F-15E Strike Eagle Spotted Flying With An Inert B61-12 Nuclear Bomb Out Of Nellis AFB
The precision-guided upgrade of the B61 tactical nuclear bomb has had a troubled and very expensive past.
Exercise Red Flag is underway with the U.S. and some of its tightest allies fighting a mock air war over the Nevada Test and Training Range (NTTR) in southern Nevada. Either in conjunction with the exercise or independent of it, there is a lot of testing currently going on over the same area. Case in point, this test F-15E Strike Eagle assigned to Eglin Air Force Base carrying an inert version of America's newest variant of its long-running B61 series of nuclear bombs, the precision-guided B61-12.

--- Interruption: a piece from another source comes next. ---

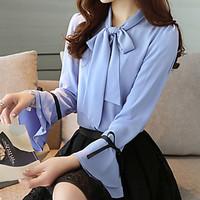 womens casualdaily work simple spring summer blouse solid stand long s ...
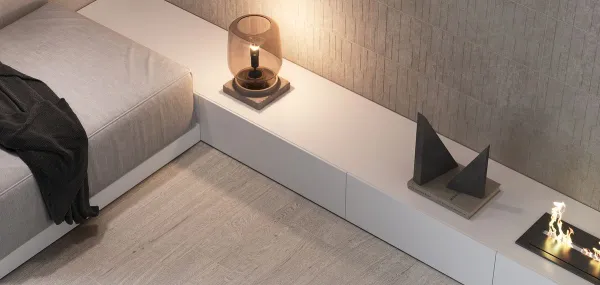 Espacio de la casa con azulejos efecto piedra, colección Olatua de TAU ceràmica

The jet was snapped by aviation photographer Kris Trajano on Tuesday, March 10th, 2020. The F-15E was followed by a pair of F-16s that were landing just before the first Red Flag launch of the day. It isn't uncommon for various test, training, and tactics development missions to be executed in the space between the two daily Red Flag mass launches and recoveries. Still, it is interesting to see the B61-12 hanging on an F-15E coming into Nellis. Much of the test and evaluation work for the USAF's nuclear weapons delivery systems occurs on the Tonopah Test Range in the northern reaches of the NTTR. Nearby Tonopah Test Range Airport also supports those activities under certain circumstances.
It isn't clear why the F-15E is carrying the weapon into Nellis. It appears to be a full-up guided round, but an inert one that lacks a nuclear warhead for testing purposes. The aircraft could be set to run another drop test on the Tonopah Test Range, or it's possible, but less likely, that deployment of the weapon could be folded into an upcoming Red Flag mission. America's NATO allies Germany, Italy, and Spain are the only foreign players taking part in this Red Flag, so an operational test of the weapon that will be the lynchpin of the Alliance's nuclear deterrent in Europe would make some sense, especially this late in its development. It's not unheard of for B61 deployment tactics development and training to occur out of Nellis, either.
As for the B61-12 program, which is seen as an essential upgrade to the Air Force's only tactical nuclear gravity bomb, it has been mired in cost overruns and other issues. All said, the bombs will be worth over twice their weight in gold, literally, once they are operational. The F-15E, along with the F-16 and B-2, are the Air Force's delivery systems for this weapon.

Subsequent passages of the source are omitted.